Even as she approaches the critical age of thirty, Lily continues to sabotage her marriage possibilities. She has kept her sexuality split off from her marital ambitions and misdirected her marital project into destructive flirtations with unobtainable men—confirmed bachelors or the husbands of her friends. By some fatality, Lily habitually situates herself within dangerous oedipal triangles. Every such error reduces her marriageability by generating gossip about her morals and alienating her women friends. When she has virtually secured a proposal from the wealthy Percy Gryce, she loses it by violating his conventional pieties through smoking, gambling, and missing church services. Because Lawrence Selden, the man she loves, has only a modest income, she refuses even to consider marrying him.

The scarcely interrogated barrier between Lily and Selden is a curious donnée of the novel. Lily cannot think of compromising her demand for wealth or even enter into her calculus the fact that as her Aunt Peniston's designated heir, she can afford to marry Selden. Indeed, marriage to a respectable gentleman like Selden would have served to secure Lily's inheritance. She loses it because of her own careless indiscretions, by gambling and by allowing herself to become the object of gossip.

We are left with the implication that this marriage, like all others, is barred to Lily not by malignant social conditions but by unconscious forces carried over from her creator. The lady is not for marrying, but the novel refuses to examine this premise, or even to state it. Lily is stuck on the verge of sexual adulthood, unable to cross this threshold or to remain any longer on it.

Whereas Wharton protects Lily's sexual inhibitions from ready detection by camouflaging them with financial motives, she enjoys exposing Selden's resistance to marriage by means of continuous innuendo. He seems almost asexual, de-


58

spite the plot mechanism of his prior love affair with Bertha Dorset.
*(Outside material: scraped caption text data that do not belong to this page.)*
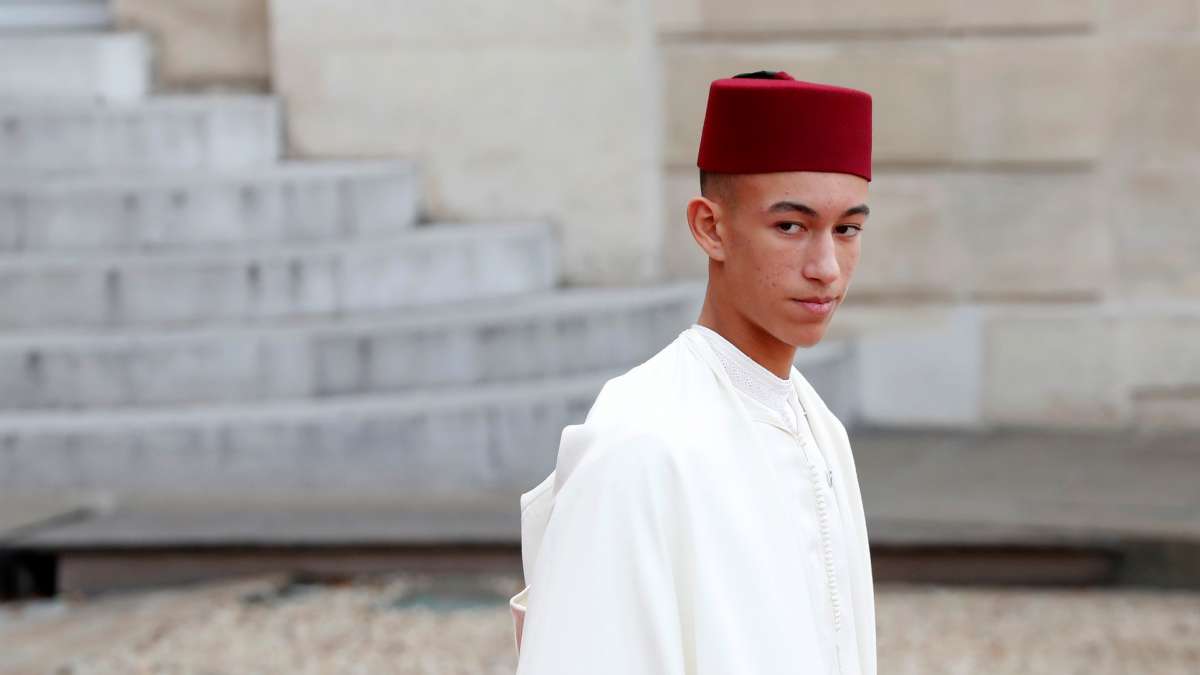 Ο 18χρονος πρίγκιπας που καίει 500ευρα στη Μύκονο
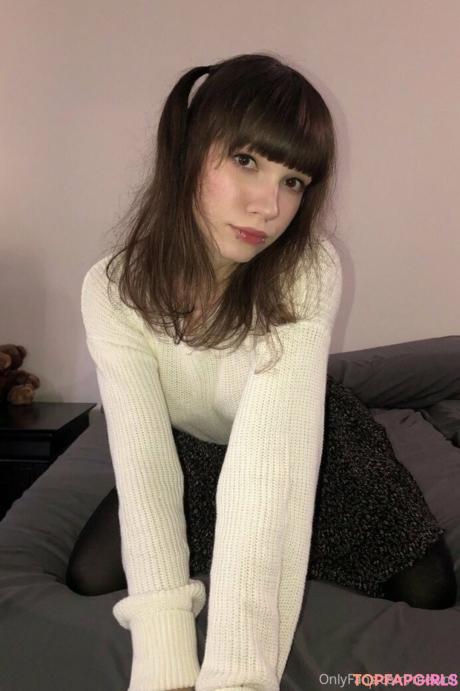 Mewnii nude leaked OnlyFans photo #83
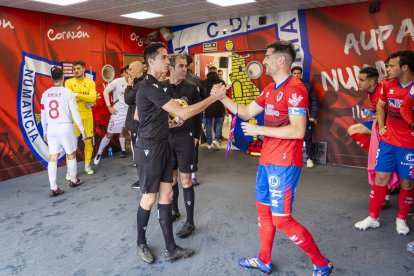 Los Pajaritos vuelven a sonreir con el CD Numancia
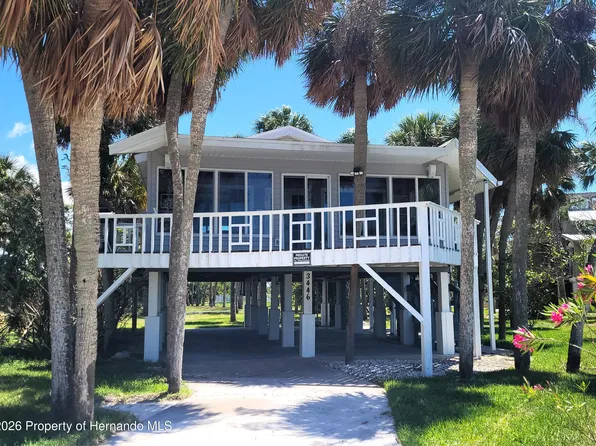 3446 Bayview Ave, Weeki Wachee, FL 34607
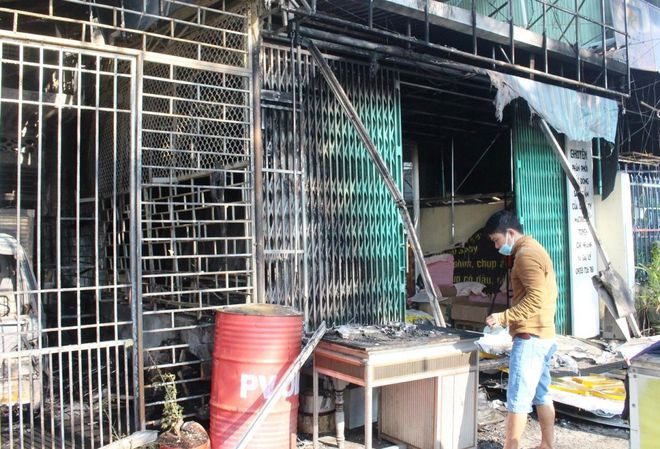 Phá cửa cứu 6 người mắc kẹt trong vụ cháy nhà ngày mùng 4 tết ảnh 4 Nhiều tài sản trong căn nhà bị thiêu rụi.
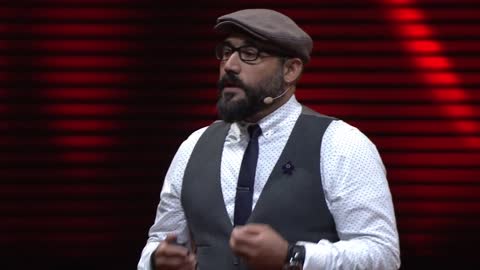 news and the future of journalism | Robert Hernandez | TEDxKC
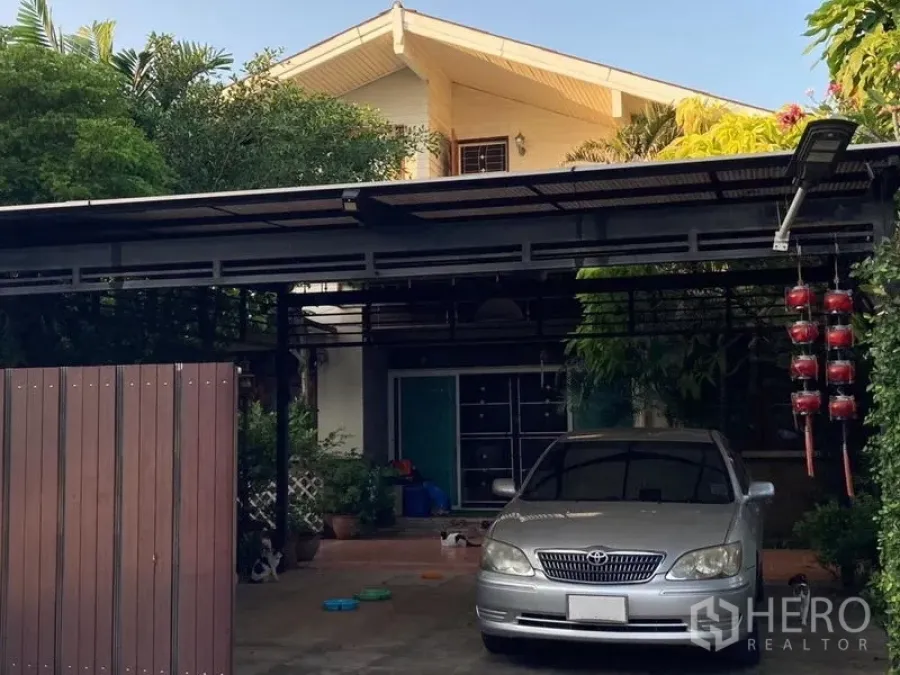 บ้าน ขายในWang Thonglang, Bangkok - มุมมองด้านหน้าบ้าน มีพื้นที่จอดรถแบบมีหลังคาและสวนเขียวขจีรอบบ้าน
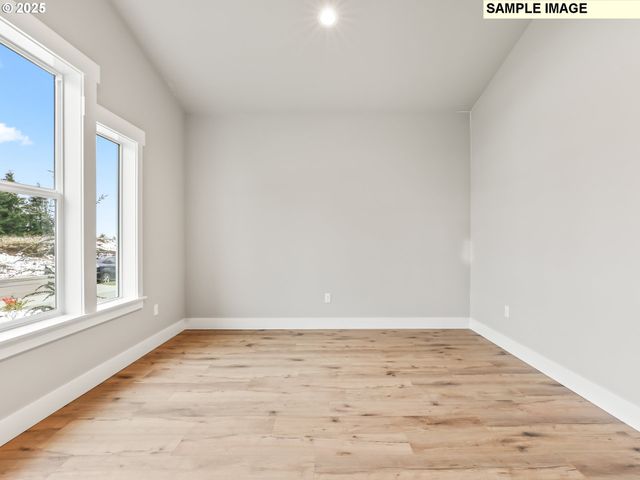 757 Ne Alderwood Dr 87, Estacada, OR 97023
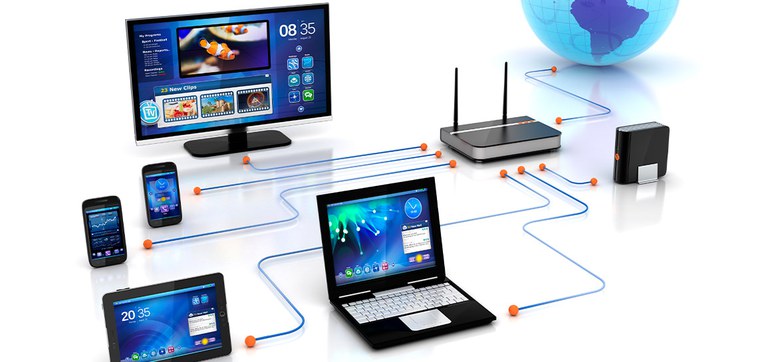 Globo, representando o planeta terra com destaque ao Brasil, conectado por cabos a inúmeros aparelhos de telecomunicações.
A resident of an apartment house called The Benedick and always relieved when his approaches to Lily are rebuffed with the "insufficient funds" argument, he seems to be one of the confirmed bachelors that Wharton first came to know in the person of Walter Berry.

Lily approaches the marital project in ignorance of its personal and sexual dimension. With flirtation and wedlock split off from sexuality, she understands marriage only in terms of property, never of desire. She dismisses too easily the promptings of desire that she feels for Selden because they fail to connect to property and hence to security. When she decides that she must accept Rosedale,

she did not indeed let her imagination range beyond the day of plighting; after that everything faded into a haze of material well-being, in which the personality of her benefactor remained mercifully vague. She had learned . . . that there were certain things not good to think of, certain midnight images that must at any cost be exorcised—and one of these was the image of herself as Rosedale's wife.
(400)

Lily's expressed misgivings about Rosedale's "race" may obscure the implication of these exorcised midnight images, surely visions of the marriage bed, which seem to be carried over from Wharton's own nightmares.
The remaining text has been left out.